Dataset content:
=-=-=-=-=

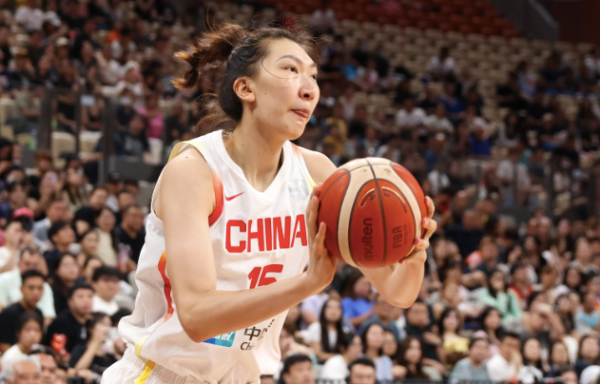 合优投资 中国女篮90-81逆转取胜，谁是本场取胜最大功臣，数据一目了然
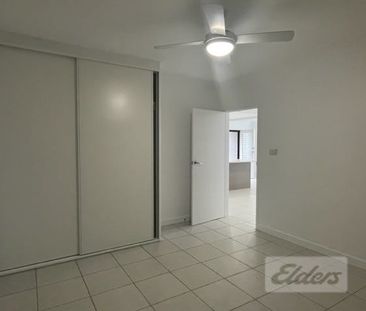 Spacious Unit - Photo 4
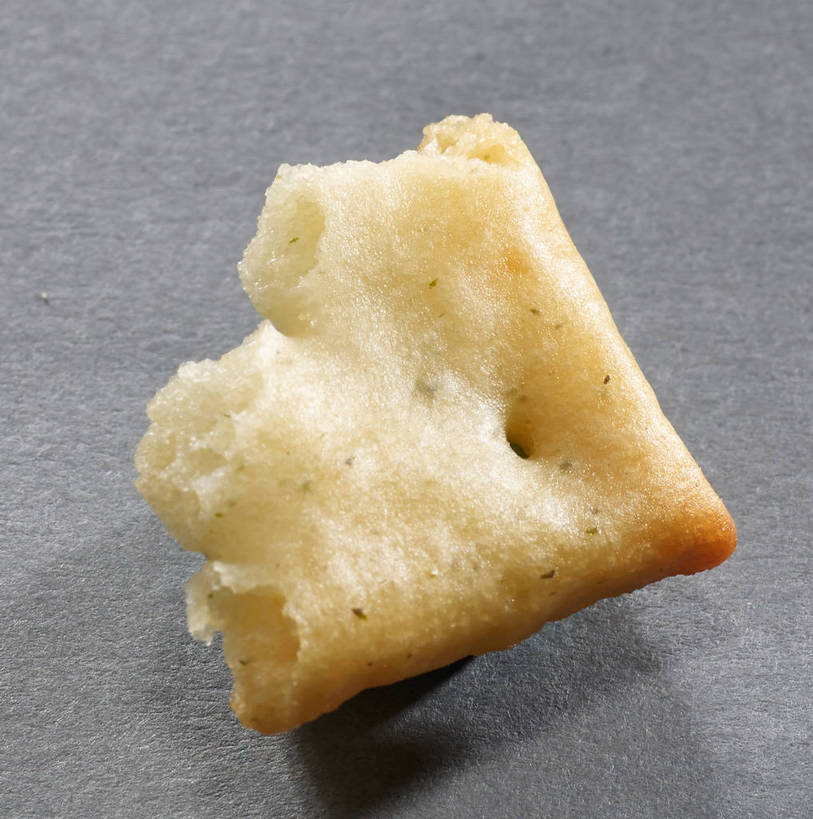 点心,无人,竖图,俯视,室内,特写,白天,餐桌,桌子,一块,阴影,灰色背景,反射,影子,食品,破坏,薯片,破损,食物,黄色,零食,摄影,影棚,餐台,损坏,摄影棚,垃圾食品,彩图,高角度拍摄,影棚拍摄,拍摄,shjb1,喀吱脆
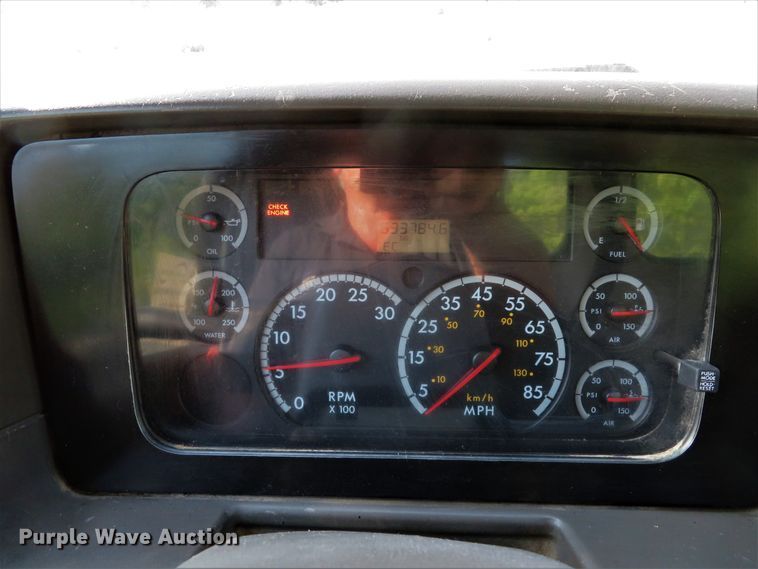 image for item DE8224 2004 Sterling A-Line semi truck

=-=-=-=-=

Problem description: Could you return the listing above exactly, minus its pictures?

The completed task:
 合优投资 中国女篮90-81逆转取胜，谁是本场取胜最大功臣，数据一目了然
 Spacious Unit - Photo 4
 点心,无人,竖图,俯视,室内,特写,白天,餐桌,桌子,一块,阴影,灰色背景,反射,影子,食品,破坏,薯片,破损,食物,黄色,零食,摄影,影棚,餐台,损坏,摄影棚,垃圾食品,彩图,高角度拍摄,影棚拍摄,拍摄,shjb1,喀吱脆
 image for item DE8224 2004 Sterling A-Line semi truck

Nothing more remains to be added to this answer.